WASHINGTON — Dr. Lawrence A. Tabak, Pelaksana Tugas Direktur National Institutes of Health (NIH), telah ditunjuk untuk memimpin Pusat Pengendalian dan Pencegahan Penyakit (CDC) secara sementara. Penunjukan ini berlaku setelah pengunduran diri Direktur CDC saat ini, Dr. Rochelle Walensky, yang efektif pada 30 Juni 2023. Perubahan kepemimpinan ini terjadi di tengah upaya pemerintah Amerika Serikat untuk merevitalisasi badan kesehatan publik tersebut pascapandemi COVID-19.

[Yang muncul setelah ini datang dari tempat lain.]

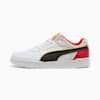 Scuderia Ferrari HP RBD Game Low Sneakers, PUMA White-Rosso Corsa, small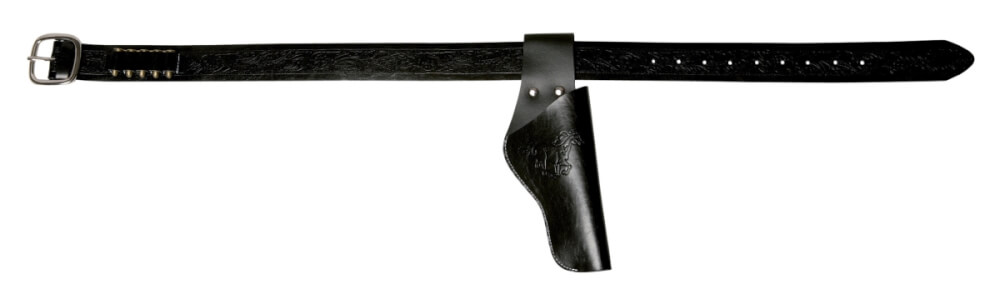 cinturone 1 pistola cowboy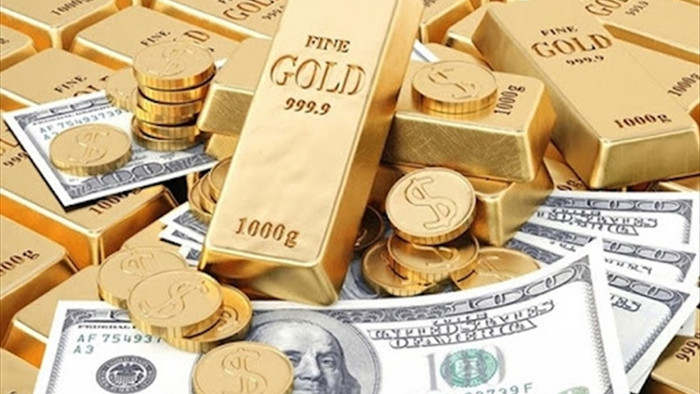 Tỷ giá USD hôm nay 28/3: USD tăng tạo sức ép cho giá vàng - 1
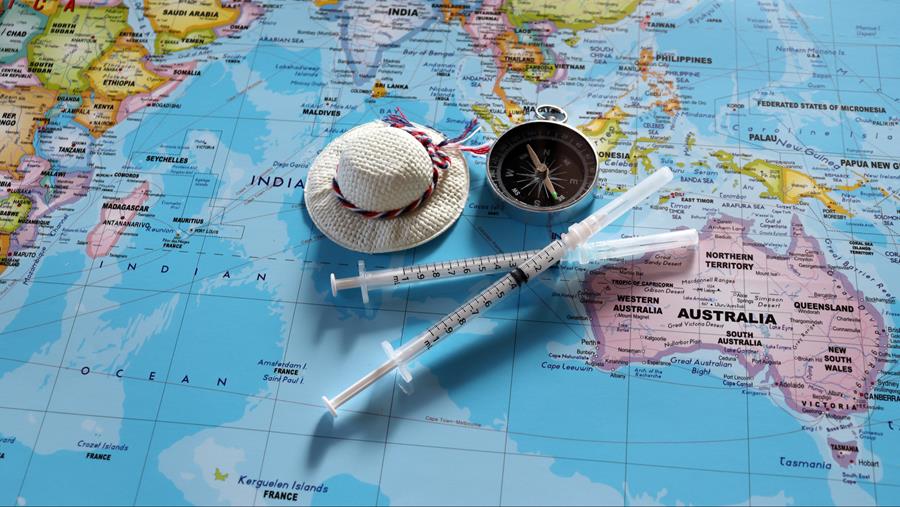 L'Institut de médecine tropicale appelle les voyageurs planifier leur vaccination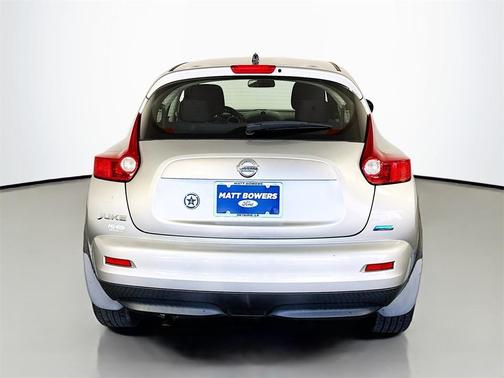 2012 Nissan Juke S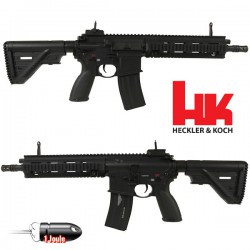 HK 416 A5 Sportsline Heckler & Kock Noir Equipé Mosfet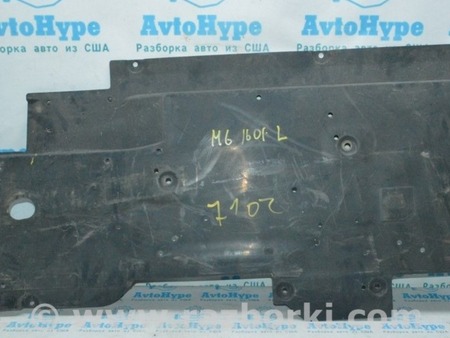 ФОТО Защита для Mazda 6 GJ (12-15) Одеса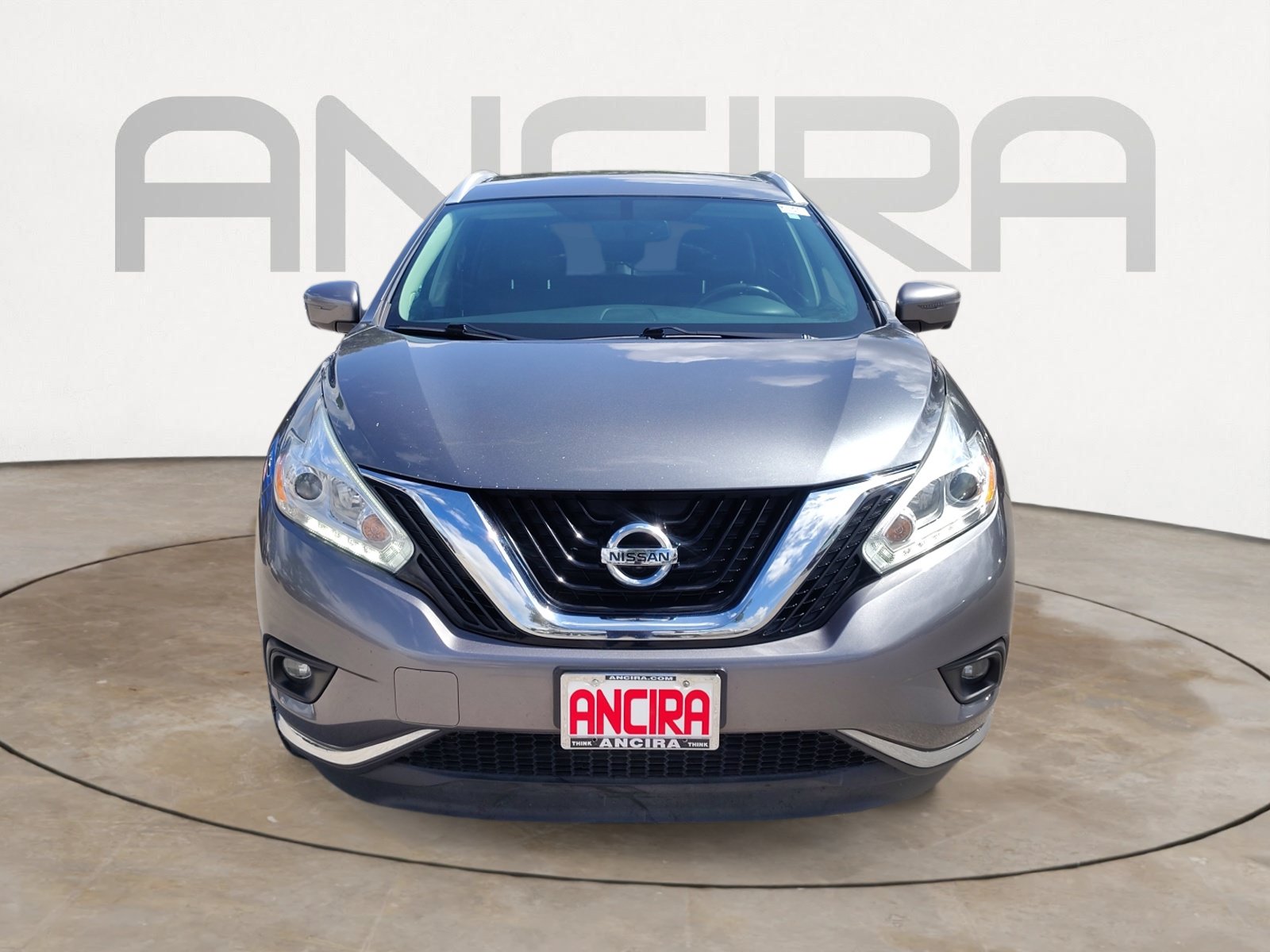 Used 2017 Nissan Murano SL FWD image 5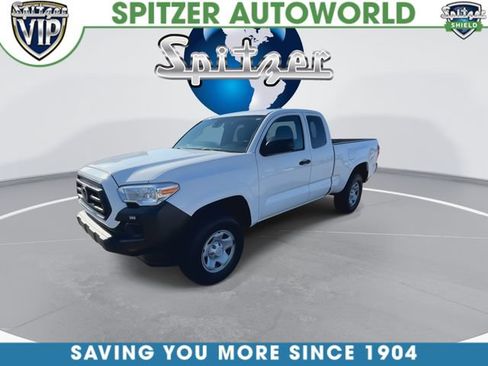 Used 2022 Toyota Tacoma SR AWD/4WD image 4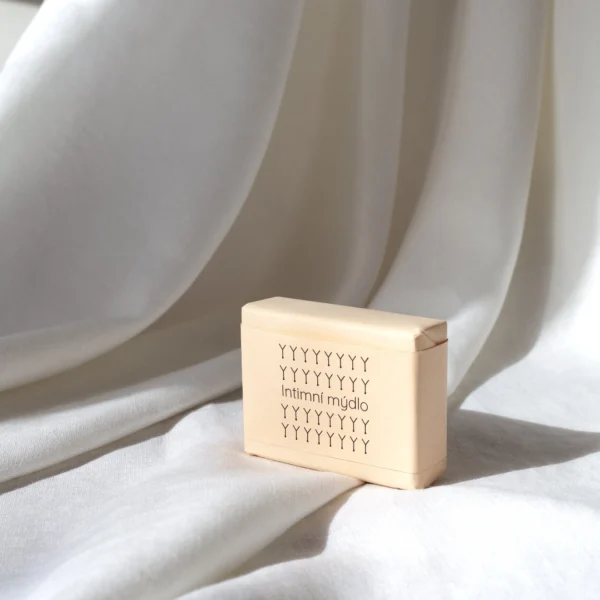 Intimní mýdlo s laktobacily SaYu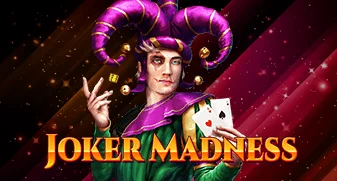 Joker Madness game tile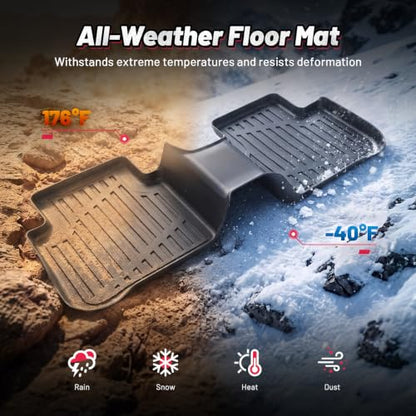 Floor Mats for BMW X3 2018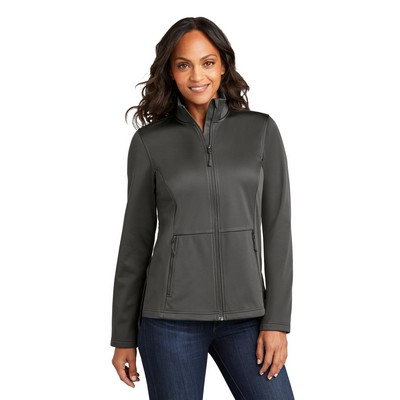 Port Authority® Women's Flexshell Jacket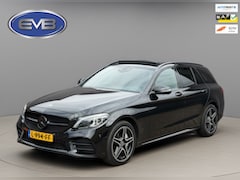 Mercedes-Benz C-klasse Estate - 300 e Bus Solution AMG Limited, panoramadak, camera, afn. trekhaak, 1 e eigenaar, NL auto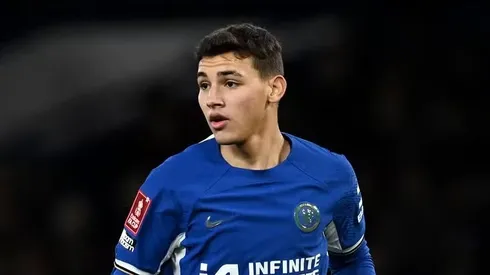 Deivid Washington está sendo monitorado pelo Flamengo. Foto: Darren Walsh/Chelsea FC via Getty Images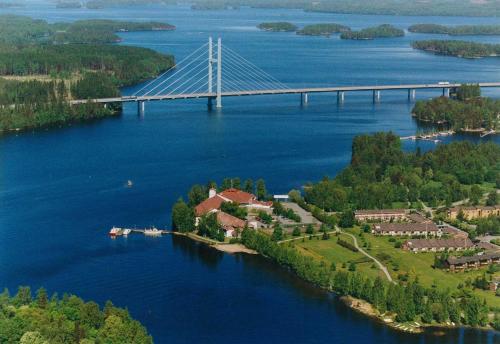 Imagen general del Hotel Kumpeli Spa. Foto 3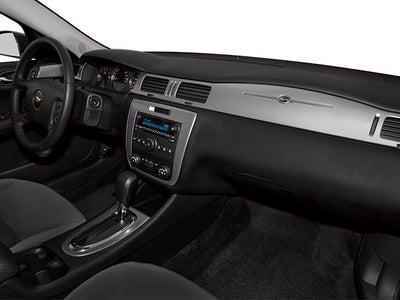 2014 Chevrolet Impala Limited LTZ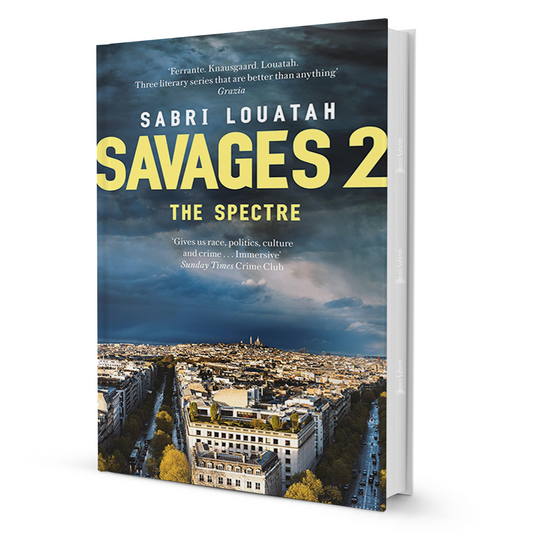 Savages 2 By Sabri Louatah - BooxWorm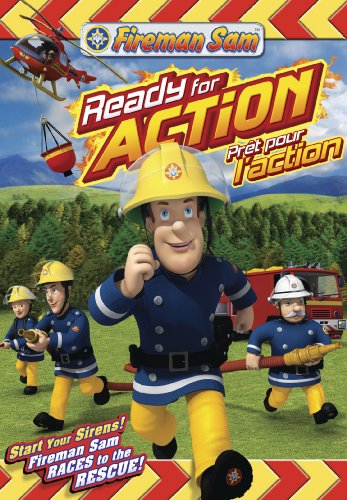 Fireman Sam: Ready for Action - DVD (Used)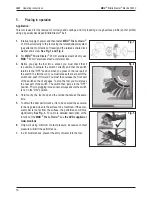 Preview for 20 page of Monti MBX Bristle Blaster Electric 3200X User Manual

Keputusan untuk menempatkan Dr. Tabak sebagai pimpinan sementara mencerminkan komitmen administrasi Biden dalam memastikan transisi yang mulus serta memperkuat kapasitas CDC. Badan tersebut menghadapi kritik luas atas responsnya terhadap pandemi, termasuk komunikasi publik yang dianggap kurang jelas dan data yang lambat.
Dr. Walensky mengumumkan pengunduran dirinya awal bulan ini, mengakhiri masa jabatannya selama dua tahun lebih yang penuh tantangan. Ia mengambil alih posisi direktur pada masa-masa awal pemerintahan Biden, ketika negara ini berjuang menghadapi gelombang infeksi virus korona dan peluncuran vaksin yang kompleks.
Dr. Tabak membawa pengalaman panjang di bidang kesehatan dan penelitian biomedis. Ia telah menjabat sebagai Pelaksana Tugas Direktur NIH sejak Dr. Francis Collins pensiun pada Desember 2021. Pengalamannya yang luas di lembaga riset terkemuka diyakini akan memberikan perspektif baru bagi CDC dalam menghadapi tantangan kesehatan publik.
CDC berada di persimpangan jalan, membutuhkan reformasi struktural dan peningkatan kepercayaan publik. Mandat untuk mengawasi kesehatan masyarakat di seluruh Amerika Serikat menuntut kepemimpinan yang tegas dan adaptif, terutama dalam menghadapi ancaman kesehatan baru dan yang sudah ada.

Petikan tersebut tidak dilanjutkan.